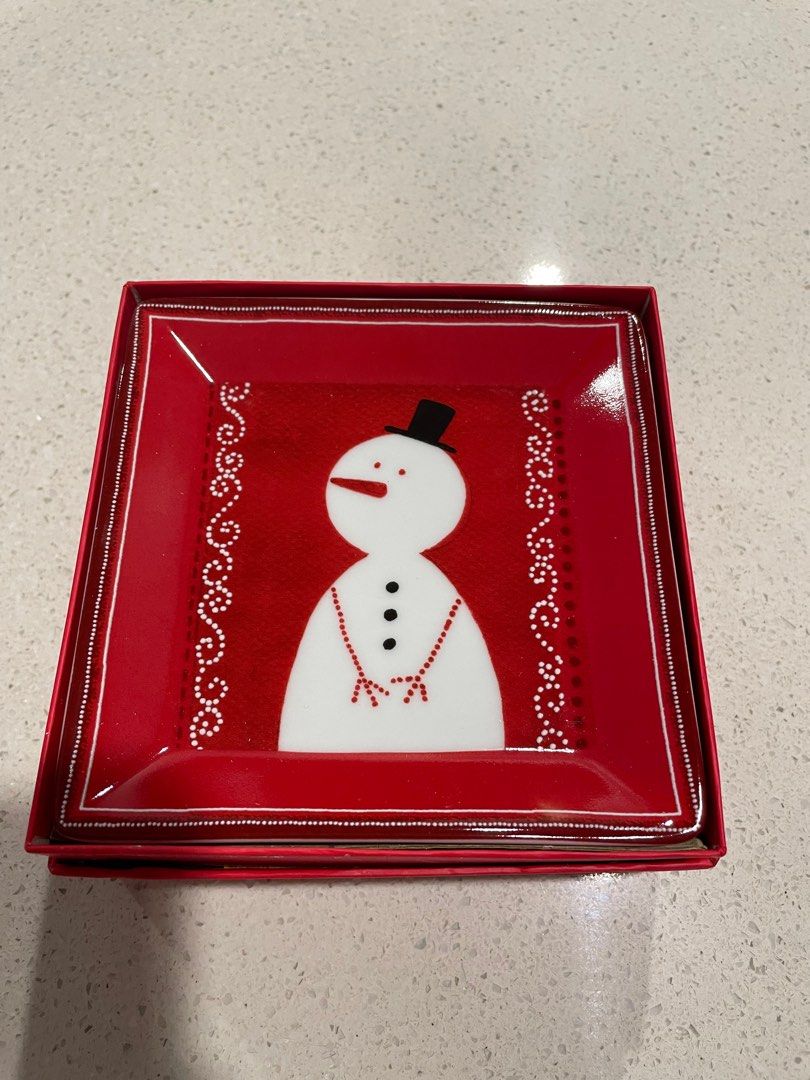 Multiple Choice 4-pc square plates (Category: Dinnerware & Cutlery) located in Malabon City. Submitted by red_metro (Listing ID 1268156709, Image 2). Description: Brand new Multiple Choice 4-pc square plates 4.75”, Christmas theme. RFS- decluttering SF- shouldered by buyer.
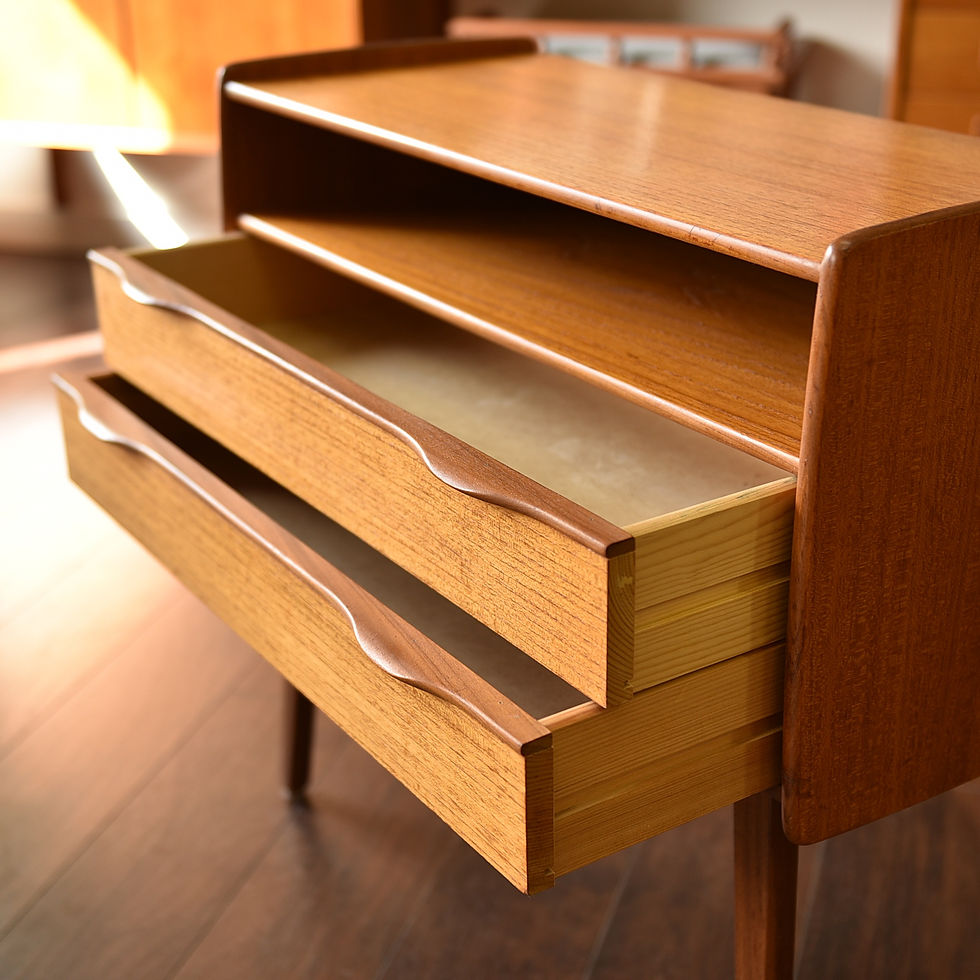 섬네일: Danish teak dresser/bed side table/table/cabinet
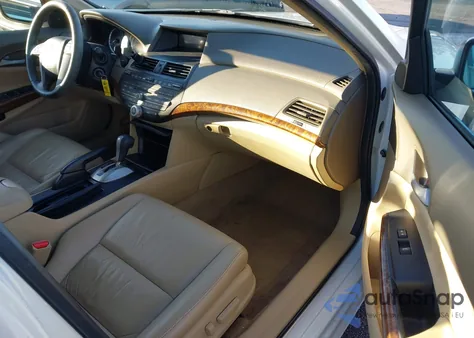 2010 Honda Accord 3.5 Ex-L z USA, uszkodzony, nr VIN 1HGCP3F87AA003076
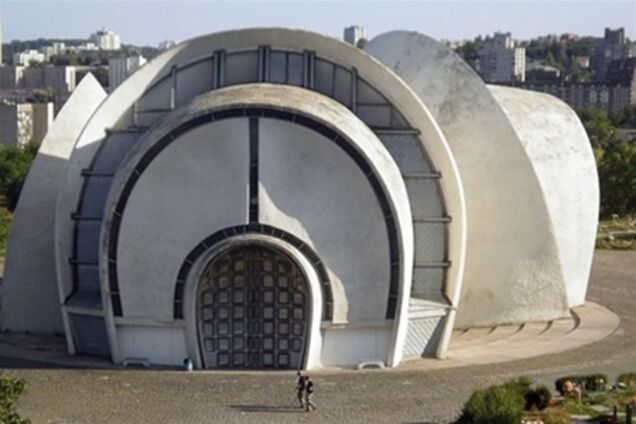 Киевский крематорий могут закрыть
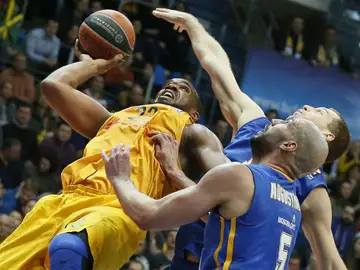 Samuels peleando por el rebote contra el Khimki Samuels peleando por el rebote contra el Khimki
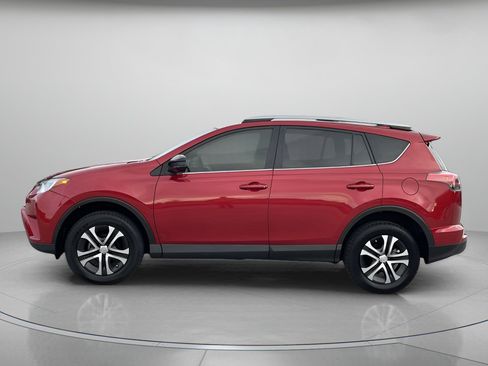 Used 2016 Toyota RAV4 LE FWD image 5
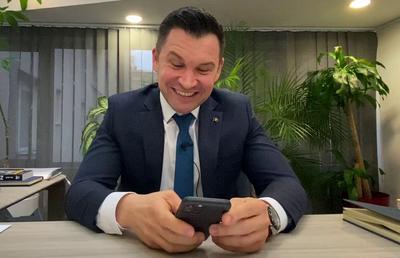 EXCLUSIV // VIDEO Moment neașteptat! Ionuț Stroe a pus mâna pe telefon în timpul discuției cu reporterii GSP: "Pot să verific cu SMS-ul pe care-l primesc de la bancă!"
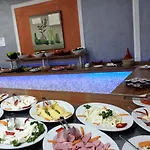 Ekinci 公寓式酒店 4*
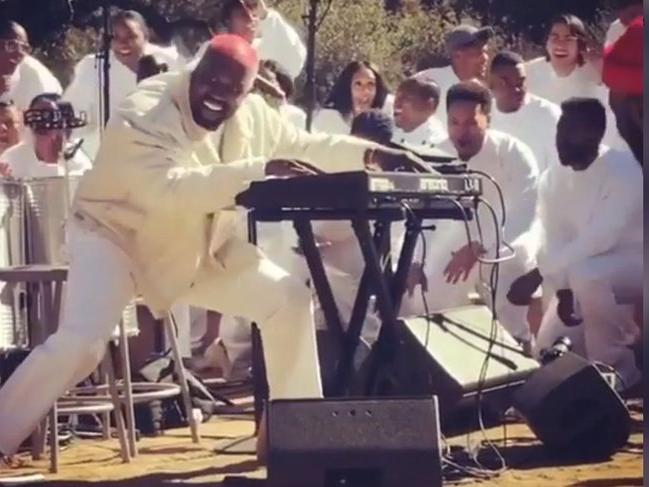 Kanye West ve 'Sunday Service' Coachella'da sahne alacak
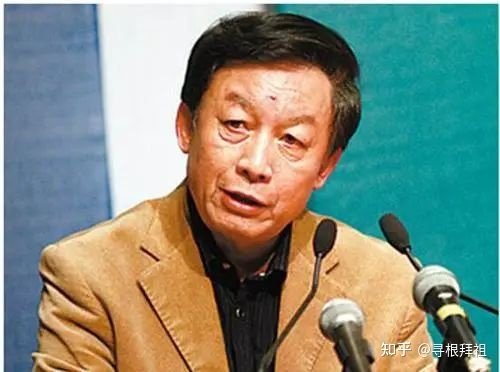 并以退场表示抗议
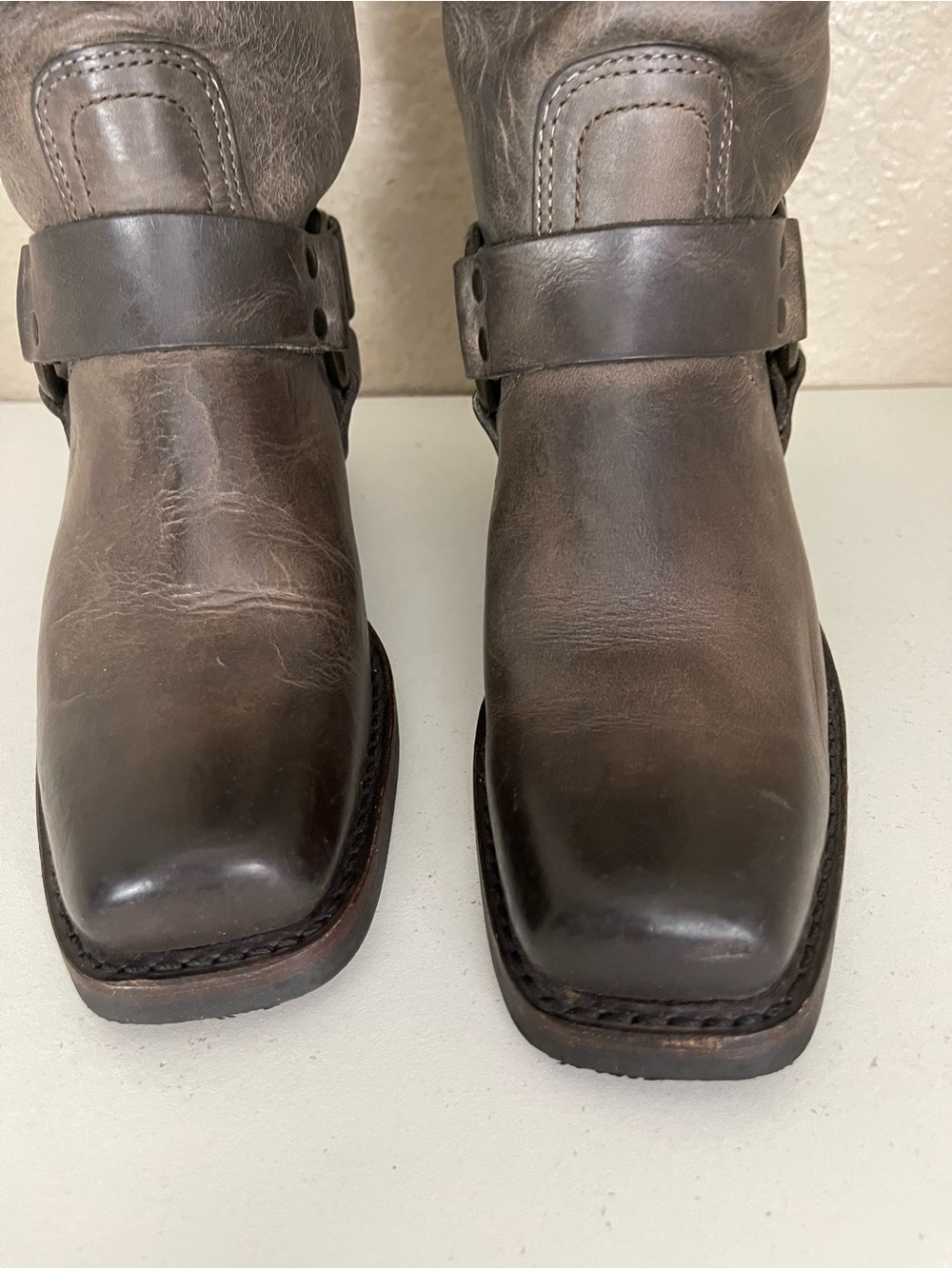 Frye Harness 12R combat square toe moto Biker Boot 77300 in smoke gray brown. 6 - Picture 9 of 15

+-------+

- **Task item**: Only the lines from the line with "Kanye West ve" to the bottom of the material above should be reproduced, exactly and without pictures.

- **Your response**:
 Kanye West ve 'Sunday Service' Coachella'da sahne alacak
 并以退场表示抗议
 Frye Harness 12R combat square toe moto Biker Boot 77300 in smoke gray brown. 6 - Picture 9 of 15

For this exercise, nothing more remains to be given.